# Final Project - Explainer

## Authors - Group 48

- Bartosz Ziolkowski, s230080
- Kristoffer Plehn, s203777

## 1. Motivation

We used two datasets from [Statistikbanken.dk: ](https://www.statistikbanken.dk/)
- Immigration by sex, age, country of origin and citizenship (1980-2023)      
- Emigration by sex, age, country of destination and citizenship (1980-2023)

We chose them because they contain data on the number and some metrics of migrants in Denmark, which is what we wanted to analyze. In addition, they come from an authorized source.

Our goal in analyzing the datasets was to acquaint the end user with immigration to Denmark and emigration from Denmark between 2015 and 2023, considering individuals aged 0-80 and EU/EEA countries.

## 2. Basic Stats

The dataset on immigration has a total size of 494 KB and 10.045 rows. In turn, the dataset on emigration has a total size of 491 KB and 10.045 rows as well. 

Both datasets have 13 columns: `OriginCountry`/`Destination`, `Citizenship`, `Sex`, `Age`, `2015`, `2016`, `2017`, `2018`, `2019`, `2020`, `2021`, `2022`, `2023`. 
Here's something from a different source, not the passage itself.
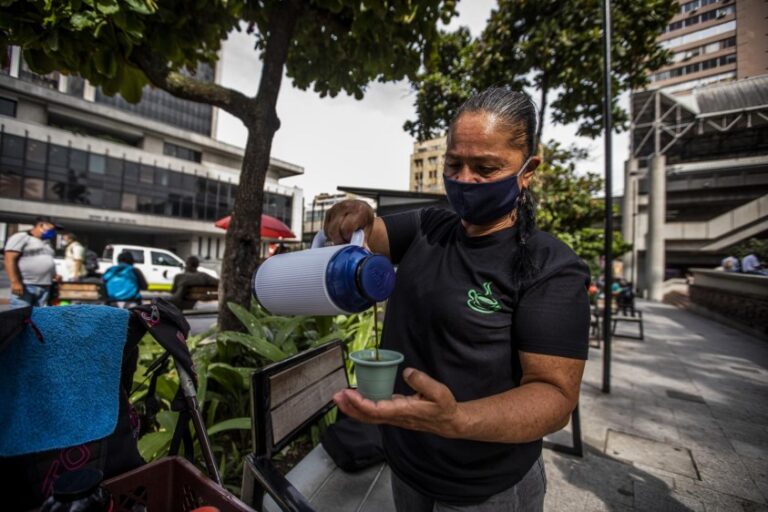 Colombia: trabajadoras informales se organizan y presentan pliego de peticiones a la Alcaldía de Medellín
The user interface of the website with the datasets allows the user to download the data by selecting desired columns and other grouping values e.g. specific countries, years, citizenships, age, and sex. We were interested in the period from 2015-2023, EU/EEA countries and migrants aged 0-80.

## 3. Data Analysis

### 3.1 Code on the initial overview on migration

In [None]:
import pandas as pd
import matplotlib.pyplot as plt

immigration_data = pd.read_csv('Immigration_2015-2023.csv', sep=';')
emigration_data = pd.read_csv('Emigration_2015-2023.csv', sep=';')

# Select only the years' columns
immigration_years = immigration_data.columns[4:]
emigration_years = emigration_data.columns[4:]

# Extract data for selected years
immigration_data = immigration_data[immigration_years]
emigration_data = emigration_data[emigration_years]

# Calculate total immigration and emigration for each year
immigration_total = immigration_data.sum()
emigration_total = emigration_data.sum()

# Calculate migration balance 
migration_balance = immigration_total - emigration_total

fig, axs = plt.subplots(1, 3, figsize=(20, 6)) 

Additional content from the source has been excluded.